Usually, women release eggs every month or so, depending on your individual cycle. However, due to the hormonal imbalance in women with PCOS and irregular or absent ovulation, follicles on the ovaries grow and build up fluid without releasing eggs. This lack of ovulation month after month means that these follicles may eventually turn into cysts.
9. The prevalence of type 2 diabetes in women with PCOS at middle age is 6.8 times higher than that of the general female population.
That’s a staggering number! Type 2 Diabetes is defined by the progressive resistance to the effects of insulin and often leads to a loss in the ability to produce enough insulin. Many women with PCOS experience insulin resistance and they’re at a much larger risk of developing type 2 diabetes.
10.Women with PCOS have a higher incidence of gestational diabetes, miscarriages, preterm deliveries, and stillbirths.
Gestational Diabetes complicates around 40 to 50% of PCOS pregnancies, stemming from increased insulin resistance, while the rate of miscarriage for women with PCOS is ranges from to 40%- 80%.The general reproductive population experiences about an 11% miscarriage rate. There are many reasons this may be the case, but higher androgen levels affect levels of estrogen in the body and have adverse effects on endometrial development and implantation.
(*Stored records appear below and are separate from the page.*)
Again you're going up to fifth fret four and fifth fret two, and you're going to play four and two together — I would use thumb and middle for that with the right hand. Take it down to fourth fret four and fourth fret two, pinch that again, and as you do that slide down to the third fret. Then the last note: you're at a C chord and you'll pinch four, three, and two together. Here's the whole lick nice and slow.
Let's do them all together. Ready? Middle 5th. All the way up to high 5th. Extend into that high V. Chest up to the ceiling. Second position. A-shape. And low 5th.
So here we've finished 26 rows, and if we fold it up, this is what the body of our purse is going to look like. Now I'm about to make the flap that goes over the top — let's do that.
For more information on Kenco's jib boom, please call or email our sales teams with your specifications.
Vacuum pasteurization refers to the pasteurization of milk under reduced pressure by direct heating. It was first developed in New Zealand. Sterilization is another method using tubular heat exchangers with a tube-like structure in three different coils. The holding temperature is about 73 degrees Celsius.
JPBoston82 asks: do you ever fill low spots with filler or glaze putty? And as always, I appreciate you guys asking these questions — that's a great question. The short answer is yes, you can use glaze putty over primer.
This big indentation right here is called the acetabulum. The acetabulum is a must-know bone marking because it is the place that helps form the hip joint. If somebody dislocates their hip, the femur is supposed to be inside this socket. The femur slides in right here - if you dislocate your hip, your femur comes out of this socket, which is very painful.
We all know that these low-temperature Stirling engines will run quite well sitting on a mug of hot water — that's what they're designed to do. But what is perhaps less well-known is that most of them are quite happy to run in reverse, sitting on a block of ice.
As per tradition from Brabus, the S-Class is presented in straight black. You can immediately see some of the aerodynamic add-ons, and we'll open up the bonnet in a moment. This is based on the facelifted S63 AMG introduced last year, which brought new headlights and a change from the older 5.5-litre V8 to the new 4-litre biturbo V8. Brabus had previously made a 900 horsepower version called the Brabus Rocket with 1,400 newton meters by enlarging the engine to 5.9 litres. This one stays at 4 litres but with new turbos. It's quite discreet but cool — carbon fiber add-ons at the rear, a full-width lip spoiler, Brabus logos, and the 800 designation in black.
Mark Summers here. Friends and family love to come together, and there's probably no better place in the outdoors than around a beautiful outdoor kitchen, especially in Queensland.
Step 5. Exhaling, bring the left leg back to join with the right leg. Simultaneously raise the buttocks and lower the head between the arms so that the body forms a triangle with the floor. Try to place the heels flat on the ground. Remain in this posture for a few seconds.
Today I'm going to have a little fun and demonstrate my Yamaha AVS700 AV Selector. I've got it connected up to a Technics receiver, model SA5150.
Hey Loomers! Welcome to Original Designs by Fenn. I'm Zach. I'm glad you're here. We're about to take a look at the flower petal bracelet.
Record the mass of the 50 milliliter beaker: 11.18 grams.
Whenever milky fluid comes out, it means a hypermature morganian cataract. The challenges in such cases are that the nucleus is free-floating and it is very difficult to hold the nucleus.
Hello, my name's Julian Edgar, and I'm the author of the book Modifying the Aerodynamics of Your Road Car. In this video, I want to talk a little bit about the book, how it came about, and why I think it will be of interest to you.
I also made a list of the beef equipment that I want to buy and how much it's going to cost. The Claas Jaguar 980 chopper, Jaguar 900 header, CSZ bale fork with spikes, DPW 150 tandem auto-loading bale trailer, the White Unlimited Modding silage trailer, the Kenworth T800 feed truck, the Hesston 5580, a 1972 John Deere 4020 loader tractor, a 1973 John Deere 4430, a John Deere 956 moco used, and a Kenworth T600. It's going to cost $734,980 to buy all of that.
11. Women with PCOS may have more difficulty breastfeeding and producing sufficient milk for their babies.
For many women with PCOS breastfeeding can become a daunting task. Often, mothers with PCOS struggle to produce enough milk to feed their growing babies. Some don’t even realise their PCOS is the reason for low milk supply.
This is the exact reason I formulated a tea for breastfeeding mamas, using only natural ingredients and specifically chosen ingredients,you can shop Mamahood tea here.
12. ALL symptoms of PCOS are treatable and can be managed naturally with the right approach.
Now read that again. I wholeheartedly believe that whether a woman decides to go down the medical intervention route or not, every one of us should be striving for optimal health and hormone balance. Whether that be through diet and lifestyle changes, herbs and supplements and stress management.
After all, being the healthiest version of yourself can’t do any harm!